At the same time, I have spent most of my life living in a posture that Richard Rohr terms “interfaith catholicity.” If there is a way of interpreting Buddhism and Christianity that results in points of intersection that reinforce each other, then I take that reading rather than seeking to prove my zeal for Christianity’s uniqueness through an uncharitable, caricatured reading of Buddhism.

My further presumption based upon Wesleyan Christianity’s doctrine of prevenient grace is that God is continuously reaching out to all peoples everywhere with his grace and he doesn’t just use white Alabamians who feel called to travel across the world to preach in English to unreached people groups and get martyred by them.

I actually think (gasp!) that God can even use other religions to guide people into the unconditional love that is the whole point, because I believe that holding to the view that a particular set of words or ideas are “required” for God’s grace to work is itself an affront to God’s sovereignty and, paradoxically, a complete betrayal of Christian orthodoxy (and if you need to call it a special kind of grace for your house of cards not to fall over, I’ll allow you that).

Becoming the beloved of God and becoming fully present are both the same thing and not the same thing. The reason I have not abandoned Christianity and taken up the mantle of Shakyamuni Buddha is because I believe there is a deep love beyond my deepest deep that gives me eternal life. Were I to discover that the universe is only a single, undifferentiated, impersonal consciousness that I am supposed to dissolve into, that would be more hell to me than heaven.

On some days, I feel that way. And on other days, sitting in the sunshine without any responsibility that I’m pressured with other than drinking up existence is incredibly comforting. Sometimes dissolving into existence is bliss, but I insist on calling existence a You rather than an It, as Martin Buber would say. Because it is as a You that the universe/God/existence/life loves me. And it is as a recipient of that love that I am fully opened like a flower to the sun to drink up the grace that is everywhere.

If the only tools I had were sitting and following my breath or even using mantras and koans in which I don’t have any help from a divine other, I wouldn’t make it. Whatever oneness exists, I declare it to be personal, intentional, and intimately enraptured with every single human and even every single atom.

The problem that Buddhism (and Zen in particular) recognizes is that words always fail to do justice. And yes, this applies even to the words in the Bible. As soon as they are finite, “perfectly clear,” and straight-jacketed under the grasp of a control-freak dogmatist (or the zealots of any one particular European theologian who has already blessed us with all the commentary that needs to be written), they lose their life. John 1:5 captures this well: “The light shines in the darkness, and the darkness did not seize it.”

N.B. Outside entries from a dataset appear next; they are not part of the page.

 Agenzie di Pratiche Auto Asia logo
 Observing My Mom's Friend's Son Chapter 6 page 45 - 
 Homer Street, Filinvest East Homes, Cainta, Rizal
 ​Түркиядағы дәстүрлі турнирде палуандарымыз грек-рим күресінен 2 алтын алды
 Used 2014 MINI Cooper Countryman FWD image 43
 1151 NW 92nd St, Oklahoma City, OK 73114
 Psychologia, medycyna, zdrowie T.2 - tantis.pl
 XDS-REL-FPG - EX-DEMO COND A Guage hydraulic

The reason light can never be seized is because light cannot be enclosed or it is no longer light. Everyone who tries to grab and master the light ends up with a fistful of darkness; we can point but never seize; we can wonder and delight but never conclude. Nowhere is this more true than among the most parsimonious religious zealots who think they have all the answers. If God is a gardener, then a man with all the answers is like a garden pot so chock-full of concrete that no living water can even penetrate it.

If scripture is theopneustos (God-breathed), then hammering God’s words into bricks for a systematic theology (taken out of the impenetrably poetic/narrative context in which they were revealed) removes the divine breath entirely from them. If scripture is not poetry capable of being played with and giving wild meaning to a wide variety of co-creators (including black lesbian atheist poets), then it creates exactly the kind of fearful, tight-fisted humans that fundamentalists like John McArthur breed through their teachings. Many evangelical Christians are only different than John McArthur in degree but not kind.

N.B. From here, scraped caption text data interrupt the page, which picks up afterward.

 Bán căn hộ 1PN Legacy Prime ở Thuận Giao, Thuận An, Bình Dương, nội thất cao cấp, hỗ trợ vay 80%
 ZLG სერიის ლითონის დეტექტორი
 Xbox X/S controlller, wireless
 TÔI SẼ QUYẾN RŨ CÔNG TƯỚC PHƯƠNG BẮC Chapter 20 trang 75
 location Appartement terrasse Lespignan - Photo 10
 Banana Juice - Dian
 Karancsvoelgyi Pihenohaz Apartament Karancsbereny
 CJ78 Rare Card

So I’m being overly playful with metaphors right now and not getting to my point, which is this. I’ve been reading and re-reading a passage in Albert Low’s To Know Yourself: Talks, Stories, and Articles on Zen that seems to capture profoundly the kind of basking effortlessly in God’s unconditional love that I think the Christian doctrine of justification by faith is about. I will need to connect a few dots first for this to make any sense.

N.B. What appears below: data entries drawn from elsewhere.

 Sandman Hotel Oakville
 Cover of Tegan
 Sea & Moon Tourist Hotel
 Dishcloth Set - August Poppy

I believe that the story of Adam and Eve presents us with a very specific depiction of humanity’s predicament that is both similar and different than the Buddhist claim that our plight of suffering is due to attachment. When Adam and Eve eat the forbidden fruit (whose specific identity as the knowledge of good and evil is not insignificant), their eyes are “opened” in a way that fills them with shame at their nakedness.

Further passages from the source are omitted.